Scaffold a starting workflow with privaci generate-ci, then add the dispatch input and input validation. The engineer on call fills in one field; the rest runs unattended.

# .github/workflows/support-repro-db.yml
name: support-repro-db
on:
  workflow_dispatch:
    inputs:
      organization_id:
        description: "Numeric organization id (no slug, no quotes)"
        required: true
        type: string

jobs:
  build-repro:
    runs-on: ubuntu-latest
    env:
      SOURCE_DB_URL:  ${{ secrets.DR_WARM_STANDBY_URL }}
      TARGET_DB_URL:  ${{ secrets.SUPPORT_REPRO_DB_URL }}
      ANONYMIZATION_SALT: ${{ secrets.ANONYMIZATION_SALT }}
      PRIVACI_MARKETPLACE_PRODUCT_CODE: ${{ secrets.PRIVACI_MARKETPLACE_PRODUCT_CODE }}

    steps:
      - uses: actions/checkout@v4

      - name: Validate org id
        run: |
          [[ "${{ inputs.organization_id }}" =~ ^[0-9]+$ ]] || \
            { echo "organization_id must be numeric"; exit 1; }

      - name: Render subset predicate
        run: |
          sed -i "s/id = 451/id = ${{ inputs.organization_id }}/g" \
            commercial-extensions.yaml
          sed -i "s/organization_id = 451/organization_id = ${{ inputs.organization_id }}/g" \
            commercial-extensions.yaml

      - name: Mask tenant slice
        run: |
          docker run --rm \
            -e SOURCE_DB_URL -e TARGET_DB_URL -e ANONYMIZATION_SALT \
            -e PRIVACI_MARKETPLACE_PRODUCT_CODE \
            -v "$PWD/commercial-extensions.yaml:/config/commercial-extensions.yaml:ro" \
            -v "$PWD/mask-rules.yaml:/config/mask-rules.yaml:ro" \
            ghcr.io/boundarylogic/privaci-commercial:1.0.1 \
            privaci run \
              --config /config/mask-rules.yaml \
              --commercial-extensions /config/commercial-extensions.yaml

      - name: Post connection string to Slack
        if: success()
        env:
          SLACK_BOT_TOKEN: ${{ secrets.SLACK_BOT_TOKEN }}
        run: |
          curl -s -X POST https://slack.com/api/chat.postMessage \
            -H "Authorization: Bearer $SLACK_BOT_TOKEN" \
            -H "Content-Type: application/json" \
            -d '{
              "channel": "#support-repro",
              "text": "Repro DB ready for org ${{ inputs.organization_id }}. DSN in 1Password → support-repro. TTL: 48h."
            }'

A few things to note in this config: the image is the Commercial build (ghcr.io/boundarylogic/privaci-commercial:1.0.1 — pin the version tag from your Marketplace subscription in production). The sed substitution is blunt but effective for a trusted internal tool — the numeric validation above it is what makes it safe. The connection string itself goes to a private Slack channel with a 48-hour TTL reminder; the DSN lives in 1Password, not in the message. Before merging any change to mask-rules.yaml, run a policy-diff gate in PR CI with strict_autodetect: true so new columns need an explicit rule. Commercial v1.0.1+ writes the diff JSON before exiting non-zero — see the CI ephemeral guide for a full check-masking-policy job.

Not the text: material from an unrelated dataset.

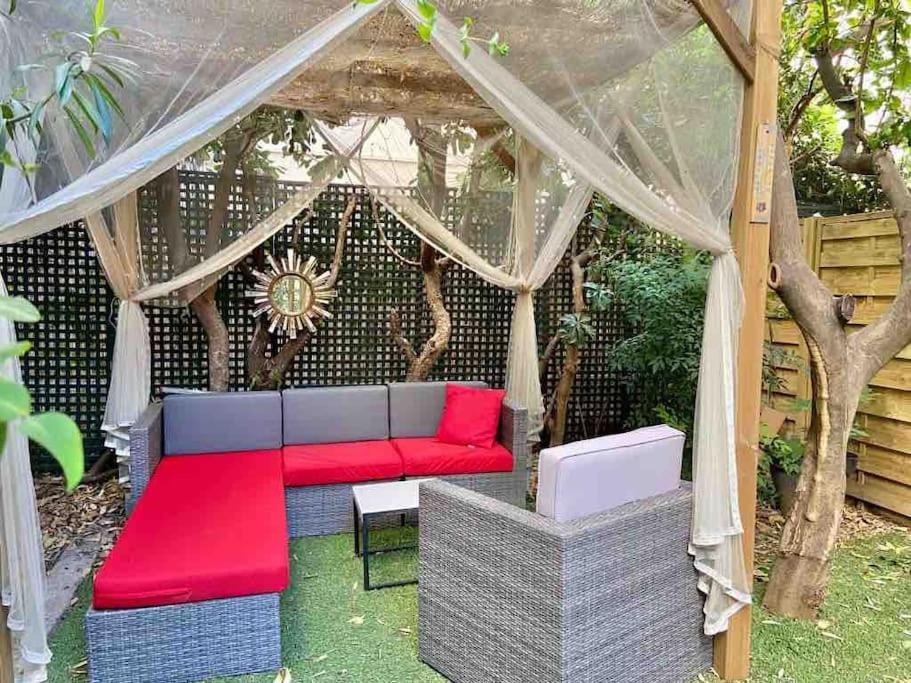 Homelivia, Luxueux Appartement Avec Jardin Prive Nice Dış mekan fotoğraf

privaci preview --config mask-rules.yaml --policy-diff /tmp/policy-diff.json

What the engineer gets

The target database starts empty. After the job completes: something like 40,000 rows instead of 400 million. The engineer connects with whatever SQL client they use day to day. The invoice totals still disagree with the line items — good, that's the bug.

-- FK integrity on the target before handoff
SELECT COUNT(*) AS orphan_line_items
FROM   invoice_line_items li
LEFT   JOIN invoices i ON i.id = li.invoice_id
WHERE  i.id IS NULL;

-- The bug: invoice totals vs line items (trace by ID — no email needed)
SELECT i.id,
       i.total_cents,
       SUM(li.quantity * li.unit_cents) AS computed_cents
FROM   invoices i
JOIN   subscriptions s ON s.id = i.subscription_id
JOIN   invoice_line_items li ON li.invoice_id = i.id
WHERE  s.organization_id = $1
GROUP  BY i.id, i.total_cents
HAVING i.total_cents <> SUM(li.quantity * li.unit_cents);

-- Optional: email alignment when payload copies actor.email (needs seed_alias)
SELECT u.email,
       ae.payload #>> '{actor,email}' AS payload_actor_email
FROM   audit_events ae
JOIN   users u ON u.email = ae.payload #>> '{actor,email}'
WHERE  ae.organization_id = $1
LIMIT  10;

The first query should return zero — a quick FK orphan check on the target before you post "repro ready". It catches incomplete closure (a root predicate that didn't match, for example). privaci verify is built for full-database runs where source and target row counts should match; on a single-tenant slice from a multi-tenant primary, use this orphan query instead of verify as your pass/fail gate.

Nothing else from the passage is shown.